I spend much time as a road warrior participating in speaking engagements throughout the industry. When we reach my favorite part, Q&A, I have already anticipated the first question I will receive. The one question everyone in the room wants an answer for.

“What do wealth management practices sell for?” Or, “How do I know what my practice is worth?”

The truth is, even if you handed me your P&L and comp statements right there and then, you would likely end up with the same answer I always give, “It depends.” I can literally feel the disappointment rise from almost everyone in the room as their first thought is, “that is the only reason I attended this session!”

We have entered a new world in the M&A space. The old school belief of “one times commission revenue and two times fee-based” is simply not true. Frankly, it never was. Buyers are becoming more and more sophisticated and there are new entrants in the marketplace every day. This is good news for wealth management firms looking to sell. Competition is higher than ever and buyers are willing to pay a premium to win. But, this also adds a new level of complexity to your decision to sell. More sophisticated buyers mean more complex choices for you to make.

Fusion consults with advisors throughout their entire lifecycle. Our expertise and talent we have attracted allow us to intersect a financial advisor at any point in their business lifecycle. But, no matter where we intersect, we always frame every conversation around your enterprise value.

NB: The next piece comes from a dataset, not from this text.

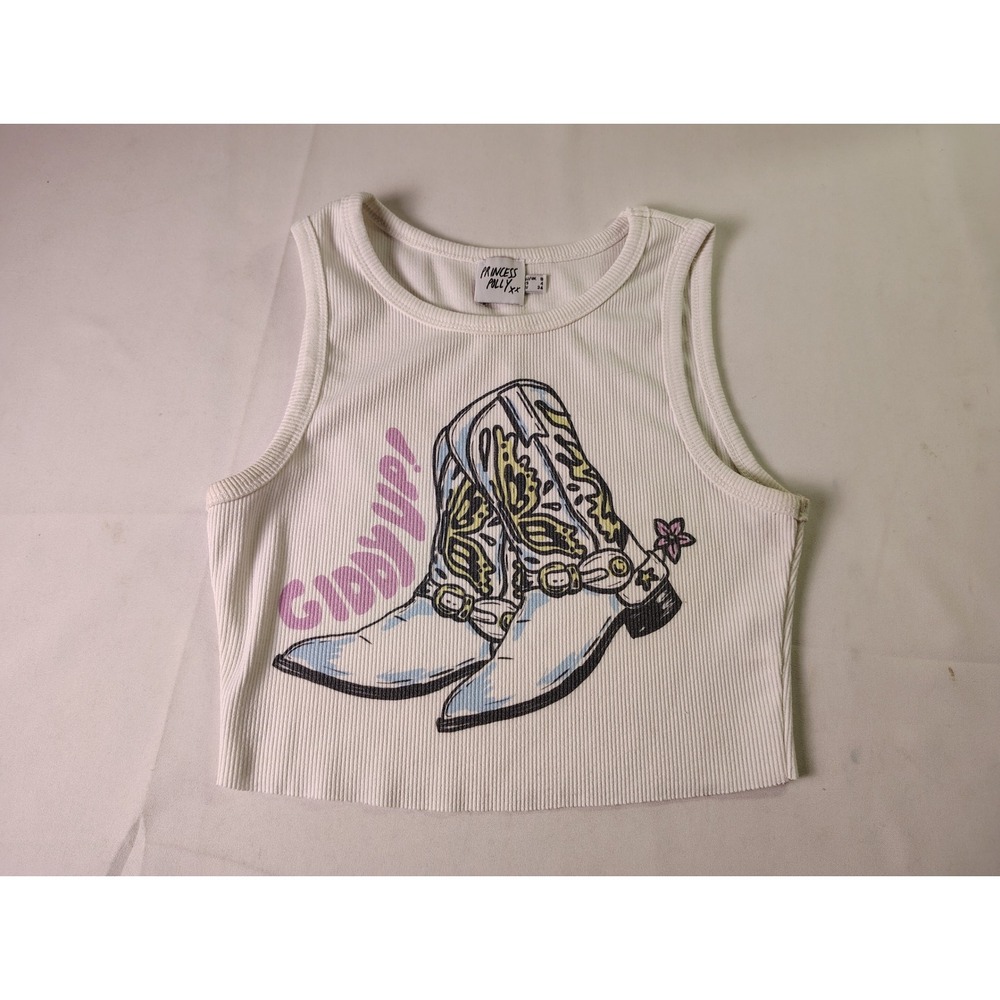 Princess Polly Giddy Up Cropped Tank Top White Graphic Ribbed Western Size US‎ 4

All decisions should be made with your end goal in mind.  Many factors contribute to enhancing the value of your business/practice, some important ones are:

  • Having a strong handle on key metrics on your business vis-a-vis your competition. Some important ones are:
    • Fees for services and discounts offered
    • Services that need to be unbundled vs bundled
    • Compensation margin
    • True EBITDA margins
  • Know your client.  Surprisingly, a number of advisors either have just a “gut feel” or simply do not have a good handle on basic facts related to their client base. Important ones to know are:
    • Client concentration (by revenue rather than AUM)
    • Geographic distribution
    • Age range (Are your clients young? Well past retirement age?)
    • Intergenerational relationships and depth of those relationships
    • Share of wallet
    • Money origin (e.g. business owners creating wealth? Or inherited wealth they live off?)
  • Net new asset flows i.e. flow excluding the effect of the market.
    • How much are existing clients adding to their accounts, net of assets sold to fund living expenses or other life events?
    • How much in terms of new assets are you bringing to the firm?
    • How many clients are taking their assets and why?
  • “NextGen” is also key:
    • Do you have strong bench strength? This is key for the longevity of the business and to ensure a strong multiple in the event of a sale.
    • Do you have an internal equity transition plan?
    • Do they want to be owners vs just employees?
  • Are you investing in the business?
    • How do you market your services?
    • Do you have strong relationships with Centers of Influence and other referral sources?
    • Have you upgraded your technology platform to remain up to par? The more automatization, the more leverage you have to do other things with your valuable time.
  • Is there a “niche” you cater to?
    • Does your practice have an “angle”?
      • E.g. a firm in NY that I know is run by a woman who caters to divorced/widowed women.
      • Another one represented on a sale caters to young Wall Street executives making significant wealth.

Earlier this evening, I was watching Shark Tank with my family. This particular episode was one of the highest offers ever made to a contestant. Within 10 minutes, three very different offers were thrown out. All in the millions. This small business owner had 2 minutes to decide which one to take! One was giving up all control of the company he built, but for an offer that was 10 times the capital infusion, he was seeking. The other was giving up a large portion of equity in exchange for cash flows. And, the final was a combination of both, but a much smaller capital infusion in exchange for control.

As I watched this owner make a decision – likely one of the most important decisions in his life – in under a few minutes, one of my favorites expressions came to mind:

An unrepresented seller in the marketplace is a buyer’s dream.

Be careful. Seek guidance and representation. There are sharks out there.